---
title: TCP Accuracy
datasets:
- Beanbagdzf/TCP
tags:
- evaluate
- metric
- temporal reasoning
- scheduling
- temporal constraint programming
description: >-
  Accuracy metric for the TCP (Temporal Constraint-Based Planning) benchmark by
  Ding et al. (2025).
sdk: gradio
sdk_version: 6.3.0
app_file: app.py
pinned: false
emoji: ⏰
colorFrom: pink
colorTo: red
---

# Metric Card for TCP Accuracy

## Metric Description

This metric is designed for the **TCP** (Temporal Constraint-Based Planning) benchmark (Ding et al., 2025).
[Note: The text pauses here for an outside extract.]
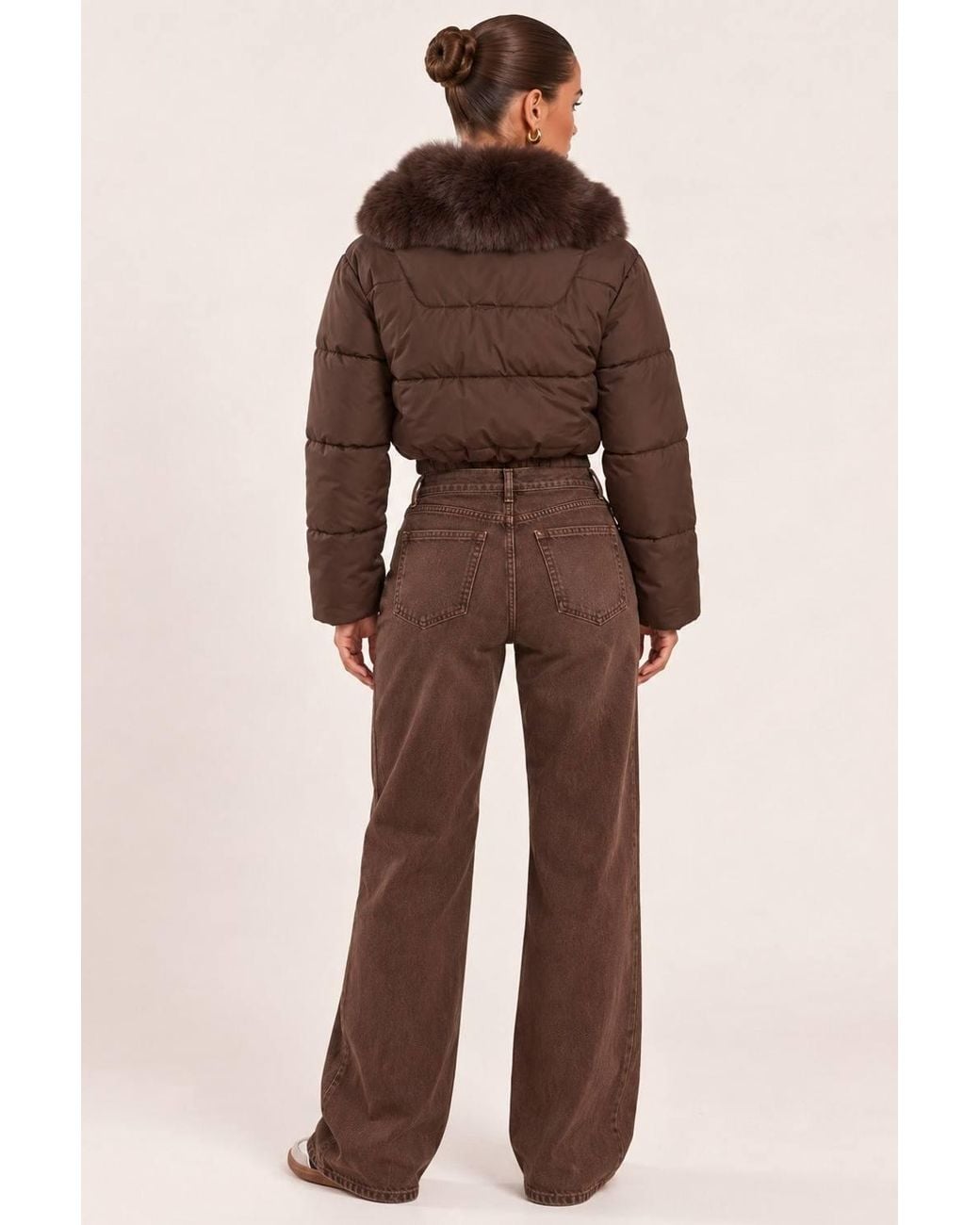 Rebellious Fashion Brown Deliah Faux Fur Collar Puffer Cropped Jacket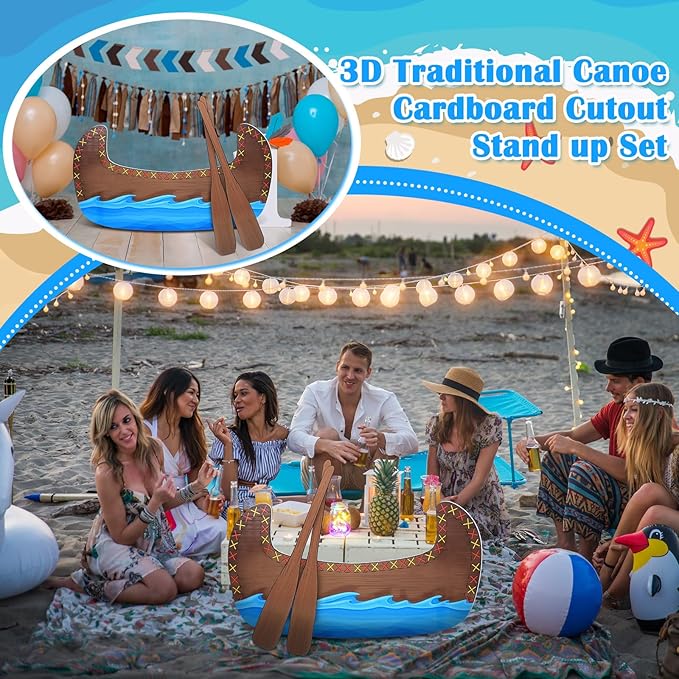 Canoe Cardboard Cutout Stand up Set Beach Nautical-Inspired Events Camping-Themed Canoe Stand up Photo Props for VBS Vacation Bible School Party Supplies (5 ft, 2 Oars)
It evaluates large language models on complex scheduling and planning tasks that require temporal reasoning, constraint satisfaction, and multi-step logical deduction.

The benchmark includes problems such as:
- Project scheduling with team member availability constraints
- Work duration limits and mandatory break requirements
- Time zone conversions
- Sequential task dependencies

The metric expects model outputs to contain the final answer in LaTeX boxed notation: `\boxed{answer}`.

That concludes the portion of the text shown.